Kloudy

Personal information
- Born: James Haney September 24, 1962 (age 63) Manasquan, New Jersey, U.S.

Professional wrestling career
- Ring name(s): Kloudy Kloudi Cloudy Jimmy Shoulders Jim Hammer
- Billed height: 6 ft 1 in (1.85 m)
- Trained by: Larry Sharpe Chuck Richards
- Debut: 1988
- Retired: 1998

= Kloudy =

American professional wrestler

James Haney (born September 24, 1962) is a retired American professional wrestler and manager best known for working in the World Wrestling Federation as Kloudy, sometimes spelled Cloudy, Cloudi, or Kloudi, managing the Bodydonnas. Also worked as Jimmy Shoulders in Extreme Championship Wrestling, and various New Jersey promotions.

==Professional wrestling career==
===Independents (1988–1996)===
Haney was trained by New Jersey wrestler Larry Sharpe and his wrestling debut in 1988. He worked in the independents in New Jersey. He feud with Jason Knight in 1996 for NWA New Jersey.

===World Wrestling Federation (1996)===
Haney was hired by the WWF through Chris Candido (Skip), who he was friends with in New Jersey.
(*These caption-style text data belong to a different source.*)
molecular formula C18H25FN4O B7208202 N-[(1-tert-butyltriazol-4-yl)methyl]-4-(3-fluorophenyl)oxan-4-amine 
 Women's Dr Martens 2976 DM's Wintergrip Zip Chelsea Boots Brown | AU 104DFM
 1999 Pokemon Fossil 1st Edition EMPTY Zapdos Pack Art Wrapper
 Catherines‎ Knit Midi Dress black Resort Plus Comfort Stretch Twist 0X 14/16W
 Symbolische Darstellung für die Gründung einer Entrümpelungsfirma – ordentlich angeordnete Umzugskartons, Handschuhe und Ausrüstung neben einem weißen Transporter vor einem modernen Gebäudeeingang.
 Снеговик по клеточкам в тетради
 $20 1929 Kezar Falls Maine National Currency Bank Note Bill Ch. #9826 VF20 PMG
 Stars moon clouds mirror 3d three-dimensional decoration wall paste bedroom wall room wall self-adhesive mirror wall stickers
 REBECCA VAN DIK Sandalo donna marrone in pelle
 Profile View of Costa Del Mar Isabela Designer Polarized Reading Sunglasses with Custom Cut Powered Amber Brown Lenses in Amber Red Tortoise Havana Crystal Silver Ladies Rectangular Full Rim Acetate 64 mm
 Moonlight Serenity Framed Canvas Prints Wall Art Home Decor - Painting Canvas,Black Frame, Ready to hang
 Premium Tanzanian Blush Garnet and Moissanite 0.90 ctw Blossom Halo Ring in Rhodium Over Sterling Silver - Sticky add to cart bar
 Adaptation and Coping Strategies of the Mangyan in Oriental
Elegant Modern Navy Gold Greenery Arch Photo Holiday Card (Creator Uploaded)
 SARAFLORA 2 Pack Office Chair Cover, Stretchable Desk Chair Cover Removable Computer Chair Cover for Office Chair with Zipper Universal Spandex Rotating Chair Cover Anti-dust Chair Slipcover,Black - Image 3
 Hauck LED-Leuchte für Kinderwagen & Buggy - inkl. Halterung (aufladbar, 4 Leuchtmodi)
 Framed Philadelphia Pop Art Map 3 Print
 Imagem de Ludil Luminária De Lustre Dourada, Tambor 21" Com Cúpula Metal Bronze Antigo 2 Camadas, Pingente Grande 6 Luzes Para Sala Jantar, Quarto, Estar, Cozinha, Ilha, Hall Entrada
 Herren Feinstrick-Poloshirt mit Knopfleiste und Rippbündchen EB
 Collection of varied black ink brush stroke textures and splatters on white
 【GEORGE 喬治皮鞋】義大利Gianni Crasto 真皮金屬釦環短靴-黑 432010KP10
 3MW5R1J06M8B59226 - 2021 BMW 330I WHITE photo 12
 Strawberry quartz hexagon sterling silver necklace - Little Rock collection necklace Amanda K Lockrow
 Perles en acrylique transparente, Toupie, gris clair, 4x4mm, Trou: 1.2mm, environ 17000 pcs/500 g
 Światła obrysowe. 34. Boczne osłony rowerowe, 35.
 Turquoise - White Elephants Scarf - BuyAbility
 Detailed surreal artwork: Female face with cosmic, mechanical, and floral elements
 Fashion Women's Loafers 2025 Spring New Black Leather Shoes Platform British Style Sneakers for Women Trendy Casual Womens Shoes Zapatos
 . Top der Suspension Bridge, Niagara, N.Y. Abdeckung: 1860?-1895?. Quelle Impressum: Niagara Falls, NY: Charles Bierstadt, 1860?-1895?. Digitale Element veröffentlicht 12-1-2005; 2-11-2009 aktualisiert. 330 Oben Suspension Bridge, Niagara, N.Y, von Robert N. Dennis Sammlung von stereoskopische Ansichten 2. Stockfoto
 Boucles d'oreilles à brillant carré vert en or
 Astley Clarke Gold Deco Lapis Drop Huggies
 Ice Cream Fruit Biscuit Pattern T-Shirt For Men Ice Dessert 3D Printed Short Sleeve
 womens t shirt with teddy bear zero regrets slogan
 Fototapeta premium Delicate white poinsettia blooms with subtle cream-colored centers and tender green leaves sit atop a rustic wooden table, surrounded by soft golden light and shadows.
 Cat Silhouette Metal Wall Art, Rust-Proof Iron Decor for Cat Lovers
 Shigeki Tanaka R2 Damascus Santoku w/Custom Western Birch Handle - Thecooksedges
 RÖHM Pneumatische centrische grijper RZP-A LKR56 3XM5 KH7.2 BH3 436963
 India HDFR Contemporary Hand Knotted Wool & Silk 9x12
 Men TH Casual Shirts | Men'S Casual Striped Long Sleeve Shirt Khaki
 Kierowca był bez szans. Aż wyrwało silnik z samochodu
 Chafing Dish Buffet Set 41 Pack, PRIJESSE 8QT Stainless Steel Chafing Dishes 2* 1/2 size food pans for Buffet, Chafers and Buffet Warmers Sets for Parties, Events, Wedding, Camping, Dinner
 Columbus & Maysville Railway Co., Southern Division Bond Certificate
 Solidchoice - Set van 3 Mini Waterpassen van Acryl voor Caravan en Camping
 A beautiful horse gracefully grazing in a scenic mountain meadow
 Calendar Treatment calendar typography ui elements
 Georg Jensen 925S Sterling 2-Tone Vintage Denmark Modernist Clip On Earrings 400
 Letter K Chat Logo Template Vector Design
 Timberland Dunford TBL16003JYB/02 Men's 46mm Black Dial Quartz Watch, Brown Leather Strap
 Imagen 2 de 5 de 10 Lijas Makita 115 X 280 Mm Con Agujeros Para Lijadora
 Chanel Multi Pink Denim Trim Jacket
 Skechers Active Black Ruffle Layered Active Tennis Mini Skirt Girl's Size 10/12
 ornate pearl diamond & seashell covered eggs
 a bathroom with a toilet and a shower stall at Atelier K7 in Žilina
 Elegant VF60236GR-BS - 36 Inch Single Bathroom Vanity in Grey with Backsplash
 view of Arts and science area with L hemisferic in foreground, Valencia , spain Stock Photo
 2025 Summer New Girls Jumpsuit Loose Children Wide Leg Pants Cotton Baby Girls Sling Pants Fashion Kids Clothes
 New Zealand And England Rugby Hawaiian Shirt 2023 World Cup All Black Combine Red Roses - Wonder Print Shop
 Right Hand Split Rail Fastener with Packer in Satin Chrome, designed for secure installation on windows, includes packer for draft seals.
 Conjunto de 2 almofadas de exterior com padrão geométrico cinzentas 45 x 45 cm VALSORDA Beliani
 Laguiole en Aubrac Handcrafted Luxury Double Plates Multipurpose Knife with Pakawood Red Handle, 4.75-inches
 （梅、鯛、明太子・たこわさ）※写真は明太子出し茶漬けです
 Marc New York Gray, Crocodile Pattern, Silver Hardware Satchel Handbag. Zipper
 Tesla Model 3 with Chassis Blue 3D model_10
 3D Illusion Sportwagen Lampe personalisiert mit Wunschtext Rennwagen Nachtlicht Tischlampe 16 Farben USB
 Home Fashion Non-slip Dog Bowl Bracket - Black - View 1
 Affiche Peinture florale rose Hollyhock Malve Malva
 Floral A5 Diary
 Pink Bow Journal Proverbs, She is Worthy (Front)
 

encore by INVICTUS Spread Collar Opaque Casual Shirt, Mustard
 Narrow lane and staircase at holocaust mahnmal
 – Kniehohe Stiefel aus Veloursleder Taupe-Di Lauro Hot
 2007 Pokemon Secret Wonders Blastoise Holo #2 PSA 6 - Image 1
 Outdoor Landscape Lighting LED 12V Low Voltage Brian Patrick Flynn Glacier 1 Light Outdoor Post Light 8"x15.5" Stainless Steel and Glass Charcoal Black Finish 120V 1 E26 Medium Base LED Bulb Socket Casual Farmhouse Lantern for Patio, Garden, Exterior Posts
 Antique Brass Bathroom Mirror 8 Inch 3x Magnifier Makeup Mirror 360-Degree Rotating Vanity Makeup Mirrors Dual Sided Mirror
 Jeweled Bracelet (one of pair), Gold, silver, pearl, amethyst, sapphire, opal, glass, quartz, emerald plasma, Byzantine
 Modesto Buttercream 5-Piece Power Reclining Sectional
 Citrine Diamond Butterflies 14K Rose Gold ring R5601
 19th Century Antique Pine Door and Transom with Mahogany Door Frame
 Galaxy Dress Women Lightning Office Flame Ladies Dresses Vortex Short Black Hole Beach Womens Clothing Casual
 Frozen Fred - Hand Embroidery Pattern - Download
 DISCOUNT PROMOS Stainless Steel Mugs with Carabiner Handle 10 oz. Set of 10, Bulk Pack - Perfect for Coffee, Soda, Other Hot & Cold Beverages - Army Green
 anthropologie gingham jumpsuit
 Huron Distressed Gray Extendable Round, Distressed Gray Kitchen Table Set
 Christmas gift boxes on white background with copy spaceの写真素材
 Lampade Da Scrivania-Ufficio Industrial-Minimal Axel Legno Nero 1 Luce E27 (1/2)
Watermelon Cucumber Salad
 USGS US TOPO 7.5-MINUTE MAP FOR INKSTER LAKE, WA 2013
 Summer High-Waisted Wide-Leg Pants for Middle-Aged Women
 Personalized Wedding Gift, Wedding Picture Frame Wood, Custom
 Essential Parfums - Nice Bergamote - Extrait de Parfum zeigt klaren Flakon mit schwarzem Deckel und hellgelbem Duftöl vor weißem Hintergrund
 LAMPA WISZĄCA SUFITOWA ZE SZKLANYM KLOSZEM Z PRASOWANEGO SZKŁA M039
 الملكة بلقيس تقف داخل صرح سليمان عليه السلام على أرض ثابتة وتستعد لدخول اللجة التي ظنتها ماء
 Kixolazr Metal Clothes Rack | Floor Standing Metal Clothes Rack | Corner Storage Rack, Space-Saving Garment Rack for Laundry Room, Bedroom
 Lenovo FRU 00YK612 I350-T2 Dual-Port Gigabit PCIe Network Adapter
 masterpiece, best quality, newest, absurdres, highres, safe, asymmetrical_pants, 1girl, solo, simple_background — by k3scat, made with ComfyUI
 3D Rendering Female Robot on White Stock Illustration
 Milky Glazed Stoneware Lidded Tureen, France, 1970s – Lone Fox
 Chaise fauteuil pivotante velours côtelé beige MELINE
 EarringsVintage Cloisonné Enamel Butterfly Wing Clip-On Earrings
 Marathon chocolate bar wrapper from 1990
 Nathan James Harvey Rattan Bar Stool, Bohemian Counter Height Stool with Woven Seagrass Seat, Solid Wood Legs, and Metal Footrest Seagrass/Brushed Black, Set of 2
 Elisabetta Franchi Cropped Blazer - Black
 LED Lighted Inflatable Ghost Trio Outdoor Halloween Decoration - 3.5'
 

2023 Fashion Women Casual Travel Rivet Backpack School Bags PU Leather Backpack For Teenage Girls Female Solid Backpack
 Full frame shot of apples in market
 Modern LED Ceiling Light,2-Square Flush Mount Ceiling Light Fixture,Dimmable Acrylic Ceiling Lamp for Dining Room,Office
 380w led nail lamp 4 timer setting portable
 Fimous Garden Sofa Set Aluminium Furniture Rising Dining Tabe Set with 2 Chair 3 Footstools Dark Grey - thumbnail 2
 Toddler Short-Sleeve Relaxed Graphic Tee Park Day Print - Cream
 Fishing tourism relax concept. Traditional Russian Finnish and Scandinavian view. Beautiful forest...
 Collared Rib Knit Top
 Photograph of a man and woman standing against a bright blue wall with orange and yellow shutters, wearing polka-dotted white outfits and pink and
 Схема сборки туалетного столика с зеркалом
He made his WWF debut in June 1996 at King of the Ring when the Bodydonnas (Skip and Zip) announced that they were searching for a new manager after replacing Sunny. Haney became their new manager and was named Kloudy, a transvestite. That night they wrestled The New Rockers (Marty Jannetty and Leif Cassidy) in a match that aired live on Free for All. Bodydonnas won when Skip pinned Cassidy after Kloudy kissed Cassidy. They appeared on WWF television programs urging fans to apply for the position.

In September 1996, Skip was injured and the Bodydonnas disbanded. Haney left the WWF.

===Extreme Championship Wrestling (1997–1998)===
In 1997, Haney made his debut for Extreme Championship Wrestling as Jimmy Shoulders. He wrestled his last match, losing to Chris Chetti.